Que as companhias de J.C. não eram recomendáveis, também se prova pelo facto de ter sido publicamente criticado, pelos fariseus, por conviver com pecadores (Lc 15, 1-2), sem falar das mulheres de má reputação, que encontravam nele quem, sem branquear os seus pecados, as compreendia e estimava (Jo 8, 3-11). Aliás, por essas e por outras atitudes farisaicamente escandalosas, acabará por ser crucificado entre dois ladrões, o bom, que foi o que se converteu, e o mau, cuja salvação não consta (Lc 23, 33-43).

Foi precisamente quando J.C. foi crucificado, com os dois ladrões, que cometeu o seu último erro de casting. Com efeito, não se explica que, nessa altura, tenha dito ao bom ladrão: “Em verdade te digo: hoje estarás comigo no Paraíso” (Lc 23, 43). Também não se compreende que as últimas palavras que dirigiu a sua Mãe, referindo-se ao também presente João, “o discípulo que amava”, tenham sido: “Mulher, eis o teu filho!” (Jo 19, 26).

Em relação ao bom ladrão não tinha havido nenhum erro judiciário, como o próprio reconheceu, quando interpelou o outro criminoso, quando este pediu a Cristo que se salvasse e os salvasse também: “Nem tu temes a Deus, estando no mesmo suplício? Nós estamos na verdade justamente, porque recebemos o castigo que merecem as nossas acções, mas este não fez nenhum mal” (Lc 24, 40-41). Tendo em conta que o ladrão reconheceu a sua culpa, era justo que o Mestre lhe tivesse imposto uma penitência pelos seus delitos, como exigia a justiça, ou, pelo menos, alguma expiação no purgatório, que para isso, com efeito, serve. Esta absolvição instantânea e incondicional, bem como a imediata canonização do que, desde então, passou à História paradoxalmente como ‘o bom ladrão’, parece ter sido, de facto, um lamentável erro de casting.

A outra injustificada declaração de J.C., também naquela ocasião, foi a feita a sua Mãe (Jo 19, 26). Estando de pé, junto à Cruz, Maria teria merecido uma palavra de elogio ou, pelo menos, de reconhecimento. Esse agradecimento era-lhe tanto mais devido quanto contrastava com a ausência dos apóstolos, salvo a honrosa excepção do discípulo que o Senhor amava. Contudo, em vez de J.C. premiar a sua Mãe pela sua heróica fidelidade, impôs-lhe, precisamente naquele momento, uma enorme cruz, ao fazê-la mãe não apenas daquele apóstolo, mas também de todos nós.

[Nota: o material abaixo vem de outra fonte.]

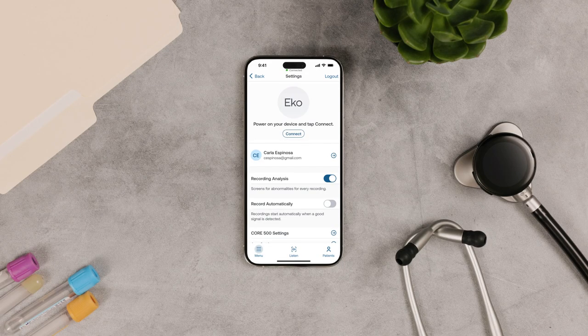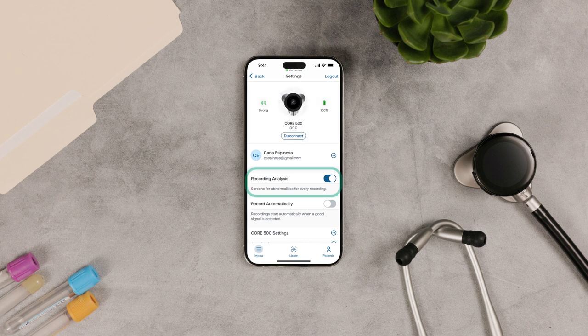Open the ECHO app and make sure the CORE 500 is connected. Recording Analysis uses ECHO AI to check for signs of heart disease for every recording.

Para quem já era nada menos do que Mãe de Deus (Lc 1, 43), uma tal condição nada tinha de honroso, antes pelo contrário. Pior ainda, atribuindo-lhe essa nova maternidade, a que ia anexa a urgente missão de procurar, reencontrar e animar os seus discípulos, Maria ficava obrigada a permanecer mais algum tempo na terra. Assim sendo, não poderia, como certamente tanto desejava, seguir Jesus na sua ida para o Céu, onde já a esperavam o seu marido, São José; os pais dela, São Joaquim e Santa Ana; a sua prima Santa Isabel, o marido Zacarias, bem como o filho de ambos, São João Baptista; entre tantos outros. Que humilhação e que desilusão para Maria! Que pena não poder ainda subir ao paraíso, com Jesus, ela que, mais do que qualquer outra criatura, tanto merecia a bem-aventurança celestial!

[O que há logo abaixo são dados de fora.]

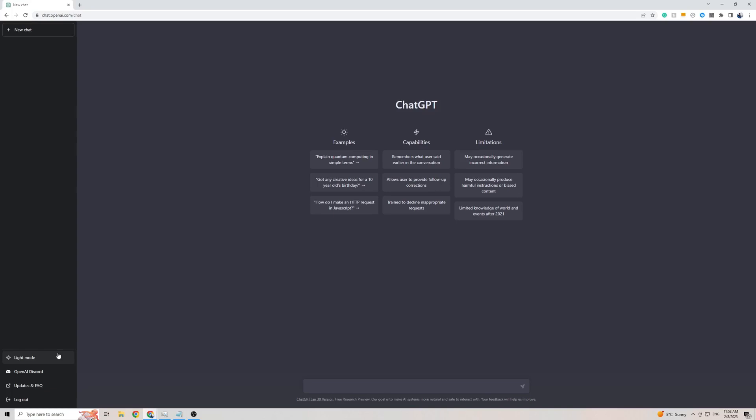As you can see on the left-hand side here, there isn't a button to change the language settings on ChatGPT, which means it's currently only officially available in English. However, I did find a way around that.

Estes dois últimos erros de casting tinham fácil solução, pois bastava que J.C. tivesse dado a cada um deles o destino que deu ao outro! Com efeito, teria sido muito justo que tivesse dito ao bom ladrão que o curava e, até, libertava da cruz, mas para que servisse os seus irmãos, os homens, e assim expiasse os seus crimes, antes de ser admitido no Céu. Por sua vez, a Maria, Jesus deveria ter dito o que então disse ao bom ladrão: “Em verdade te digo: hoje estarás comigo no Paraíso” (Lc 23, 43).

Não quis Deus que fosse assim, para que Maria fosse não apenas sua Mãe, mas também nossa. E, com o mesmo desvelo com que amou J.C. até ao fim, também nos quer a nós, convidando-nos, com a sua vida e palavra, a fazermos tudo o que Jesus nos disser (Jo 2, 5).